There are three main types of bubbles, Gerber explains:" the difference between MCC and champagne is that the term champagne is reserved for wine made from grapes harvested in Champagne, France.

"Both wines rely on the traditional French fermenting process, which is labour intensive, time consuming and entirely reliant on handpicking only the best grapes to ensure exceptional quality and optimal purity of fruit.

"This is what makes them so sought after and valuable."

Gerber says Méthode Cap Classique, or MCC, is South Africa's bubble equivalent to champagne.

"As the term champagne is reserved, South Africa’s bubble equivalent is known as Méthode Cap Classique (MCC), despite being made the same way,"she explains.

"For Boschendal – grapes harvested for their MCCs are from cool climate, high-altitude vineyards which deliver exceptional elegance and fruit purity and thus create truly outstanding bubbles."

"Sparkling wine by comparison is created by a process which uses artificial carbonation on the production line- a factor that’s detectable through the coarser, larger bubbles, and distinctly different drinking enjoyment."

The difference can easily be spotted in the size of the bubbles.

“As mentioned above, you can spot champagne and MCC by their refined effervescence with tiny bubbles, while sparkling wine has larger, coarser fizz,” Gerber says.

Boschendal MCC winemaker, Lizelle Gerber her tips for becoming a bubble connoisseur

Champagne and MCC take time.

“Aging is an art.

"Vintage champagne has to age for a minimum of three years, and that’s considered young,”says Gerber

“When something is crafted for such a long period it inevitably becomes an item to be valued. It takes close to seven years for Boschendal’s Jean le Long MCC to be released from harvest, but the result is worth the wait.”

Short supply means high demand.

Often released in small batch quantities, MCC and champagne production is not a mass-scale operation – particularly due to the long aging process required.

As only 2,333 bottles of A2 are being released, it’s become a precious collector’s item, which makes it something people will pay top dollar for.

Quality is key

Every aspect of the bubble making process is fastidiously quality controlled – including the initial selection and nurturing of the vineyards.

Gerber says: “the highest quality MCCs reply on grapes sourced from meticulously maintained vineyards.

“For example, our Jean le Long MCC is reliant on exclusively selected chardonnay from cooler climate vineyards for its crisp natural freshness and complex minerality.”

It's a process:

Gerber says the method involves premium quality juice undergoing a series of ten steps in a bottle fermentation process, which creates the fine fizz characteristic of MCC.

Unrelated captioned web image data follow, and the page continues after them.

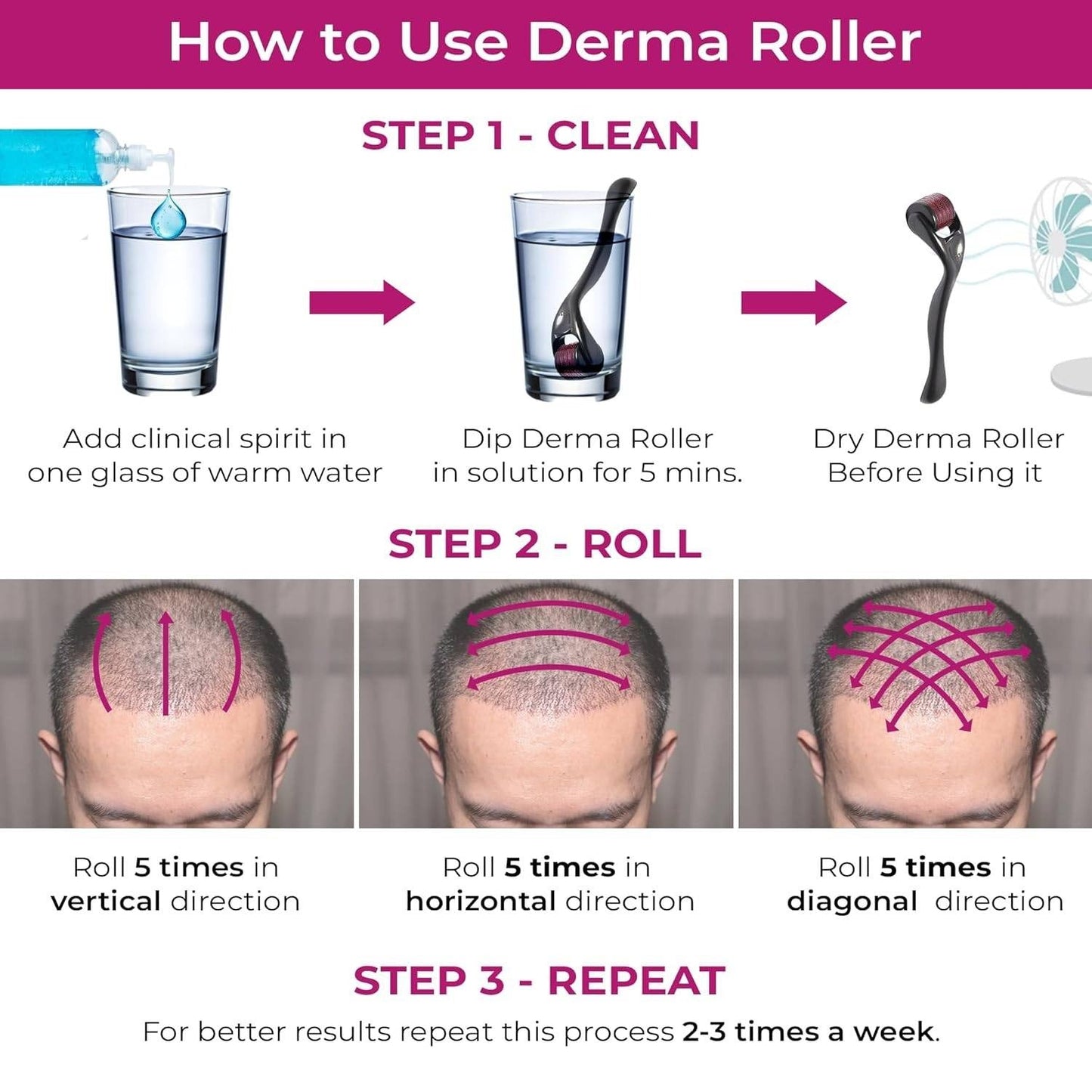 Derma Roller System โ Boost Hair Growth & Restore Confidence ๐ฟ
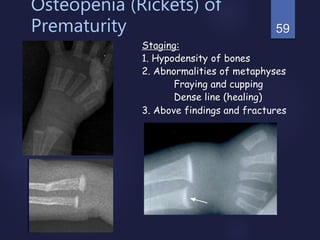 59
Osteopenia (Rickets) of
Prematurity
Staging:
1. Hypodensity of bones
2. Abnormalities of metaphyses
Fraying and cupping
Dense line (healing)
3. Above findings and fractures
 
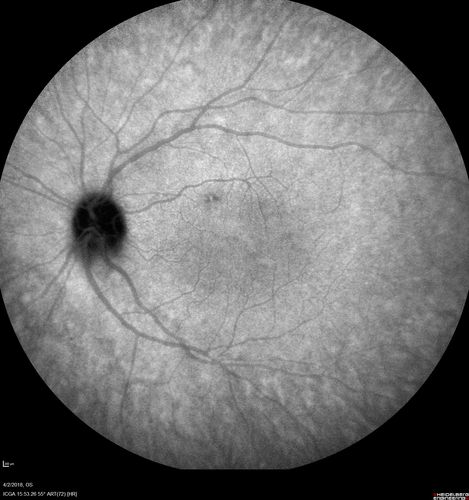 Cat Scratch - Neuroretinitis OD AND retinitis OS - Bartonella henselae positive
27 year old female with exposure to cats and prior fever.  Reports with recent vision loss right eye.  She was treated with doxycycline and within 2 weeks the right eye looks better.  Then she skipped all follow-up visits.  The right eye presented 20/200 and the left 20/16
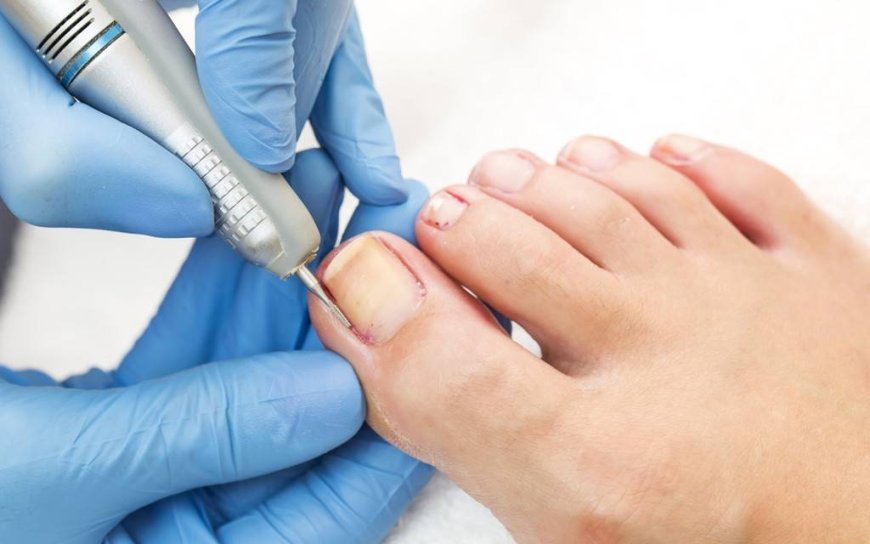 Best Ingrown Nail Scissors: Expert Recommendations for New York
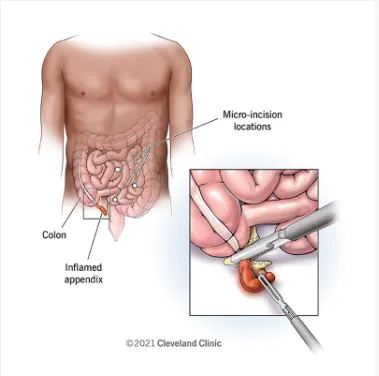 Appendix Surgey image 1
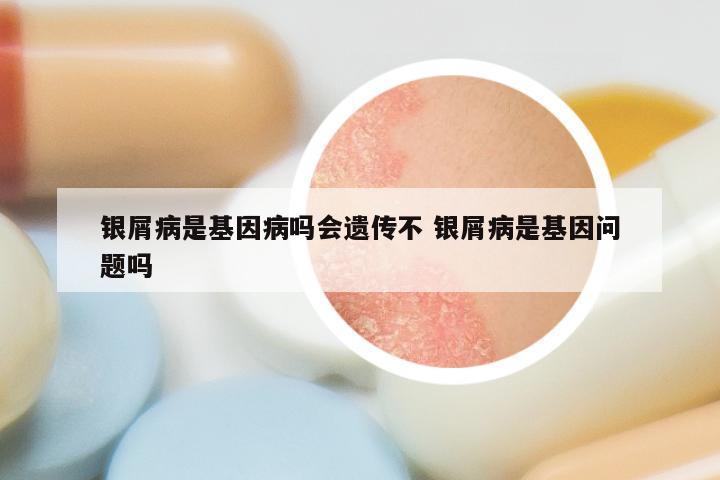 银屑病是基因病吗会遗传不 银屑病是基因问题吗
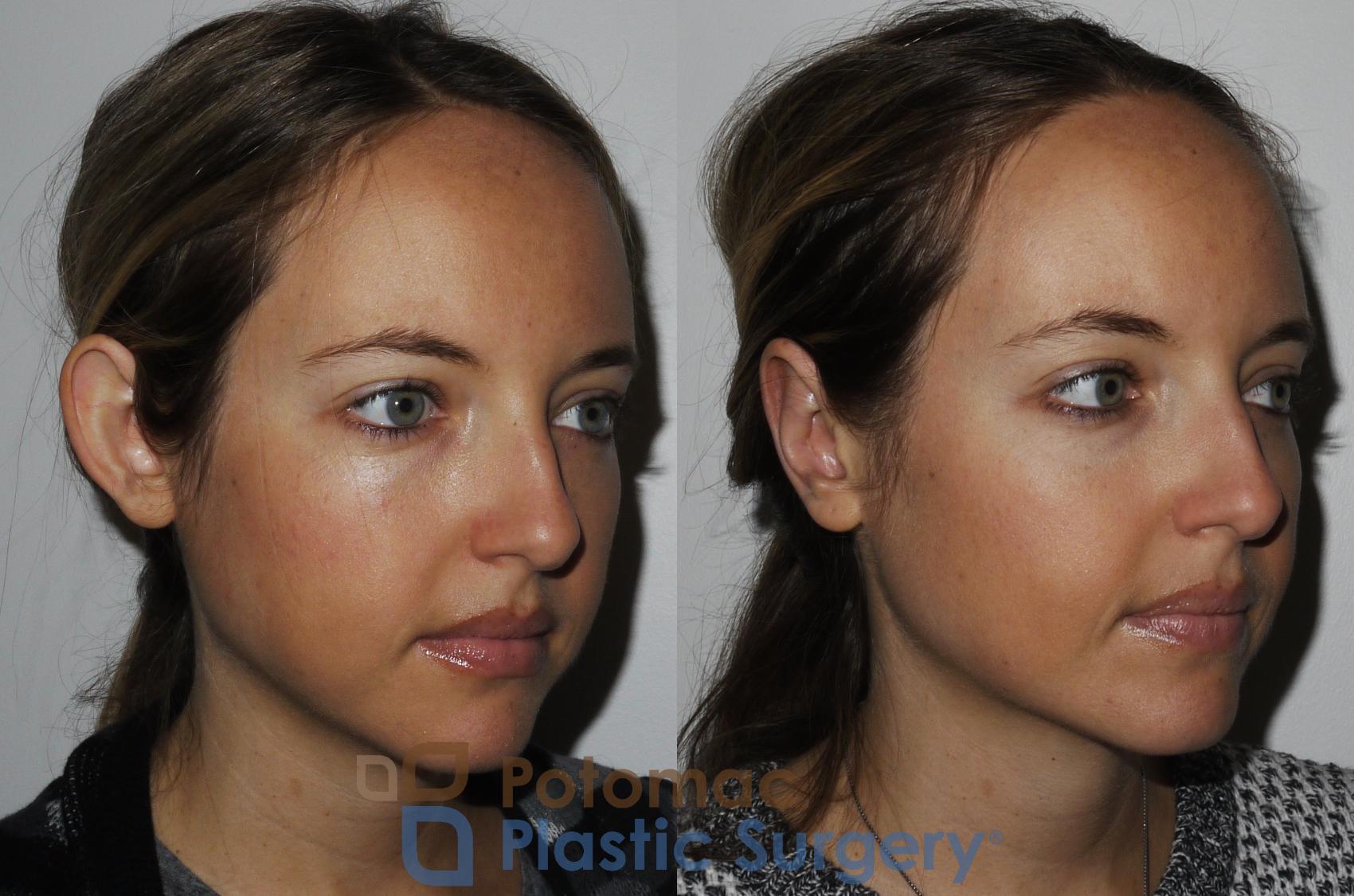 Before & After Otoplasty Case 166 Right Oblique View in Washington, DC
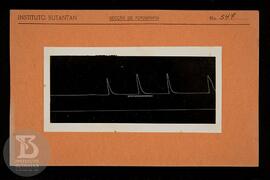reprodução de gráfico. Ficha da Seção de fotografia nº 547, solicitado pela Seção de Fisiopatolog...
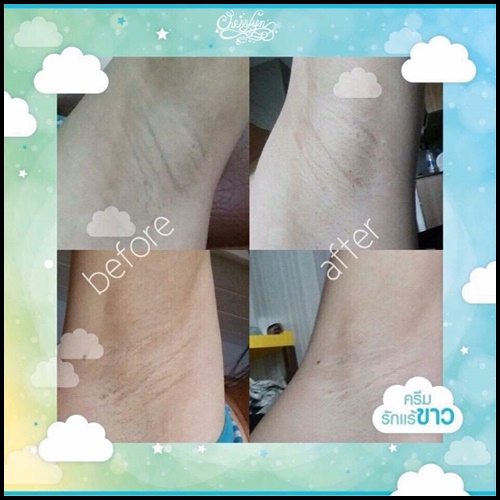 ครีมรักแร้ขาว ไวท์อัพอาร์มพิท White up armpits by Cherrlyn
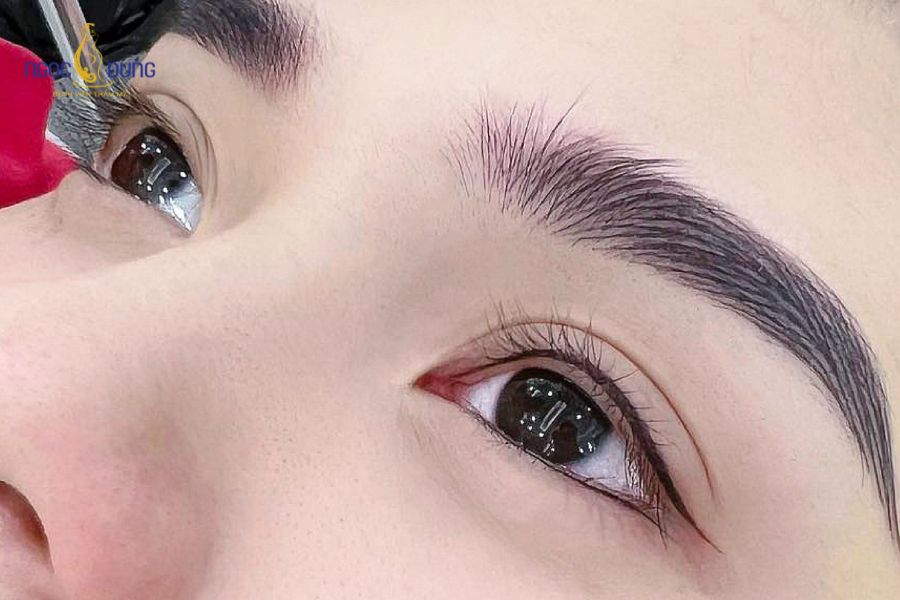 Phẫu thuật cắt mí Mini Deep: Thông tin cần biết từ A - Z 11 Đường rạch siêu nhỏ ở trung tâm mi mắt loại bỏ mỡ thừa mà không cần can thiệp toàn phần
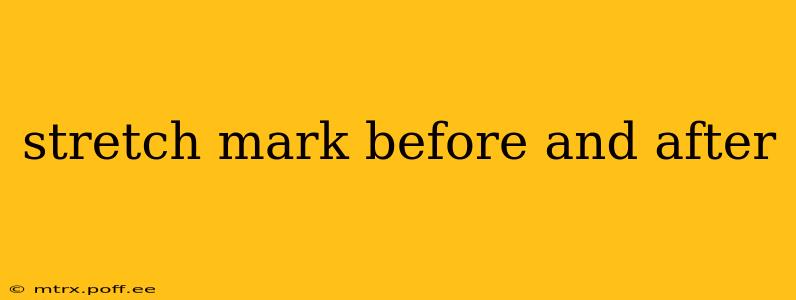 stretch mark before and after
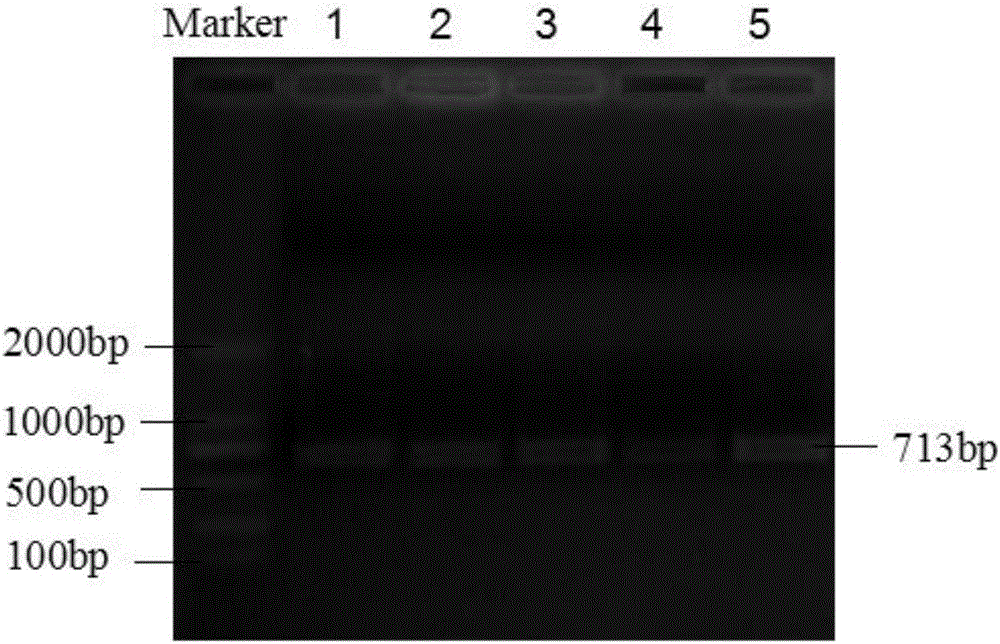 Primer and method for detecting HLA-DQ gene rs9275319 site polymorphism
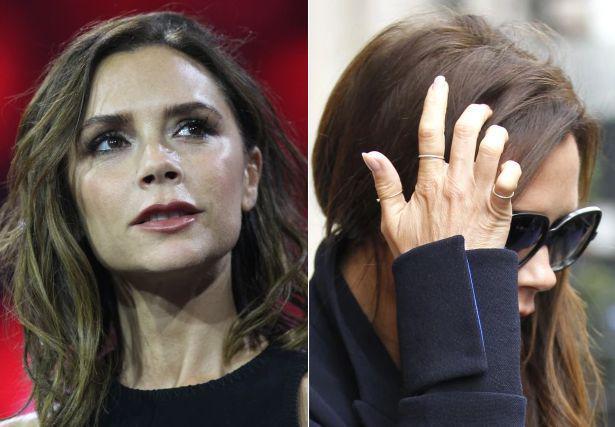 贝嫂突发意外受重伤,如今得靠拐杖行走.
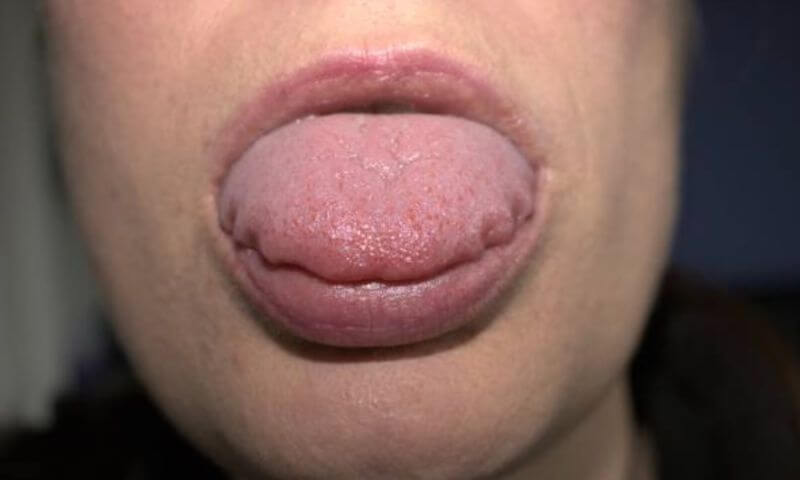 03睡醒時舌頭有明顯的牙印齒痕，是睡覺磨牙的徵兆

While ‘sparkling wine’ relies on artificial carbonation, true MCC belies any such interference. Although a process is adhered to, Gerber believes there’s no fixed formula.

“Every iteration is slightly tweaked to optimally enhance what nature has so amply provided.

"As a winemaker, my role is to artfully amplify these natural flavours. It’s this constant tweaking that also makes MCC and champagne such prized products,” she says.

Both Jay Z’s A2 and Boschendal’s award-winning range of MCCs epitomise commitment to a traditional art form that prizes perfection. While the A2 is undoubtedly a chic status symbol in gun-metal grey, Boschendal’s MCC range is identical in quality and allure – but at a more affordable price. Gerber adds:, “We have great respect for Armand de Brignac and we’d like to congratulate Jay Z on his new offering.

"Champagne and MCC are a deluxe offering in keeping with an elegant, celebratory lifestyle, a glamorous association we’re proud to be a part of.”